Topologically twisted renormalization group flow and its holographic dual

TL;DR

This paper explores a holographic dual description of topologically twisted renormalization group flows in Euclidean field theories, revealing conditions for non-trivial fixed points and their gravitational duals within the AdS/CFT framework.

Contribution

It develops a holographic model for topologically twisted RG flows, showing that certain bulk theories support non-trivial fixed points with Euclidean AdS metrics.

Findings

Non-trivial fixed points require fine-tuning in the bulk theory.

O(3) Yang-Mills coupled with Einstein gravity supports such fixed points.

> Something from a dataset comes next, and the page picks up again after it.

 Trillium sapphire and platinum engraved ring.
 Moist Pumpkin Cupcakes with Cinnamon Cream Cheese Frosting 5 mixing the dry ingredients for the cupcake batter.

The model provides a gravitational dual for scale-invariant but non-conformal Euclidean field theories.

Abstract

Euclidean field theories admit more general deformations than usually discussed in quantum field theories because of mixing between rotational symmetry and internal symmetry (a.k.a topological twist). Such deformations may be relevant, and if the subsequent renormalization group flow leads to a non-trivial fixed point, it generically gives rise to a scale invariant Euclidean field theory without conformal invariance. Motivated by an ansatz studied in cosmological models some time ago, we develop a holographic dual description of such renormalization group flows in the context of AdS/CFT. We argue that the non-trivial fixed points require fine-tuning of the bulk theory in general, but remarkably we find that the $O(3)$ Yang-Mills theory coupled with the four-dimensional Einstein gravity in the minimal manner supports such a background with the Euclidean AdS metric.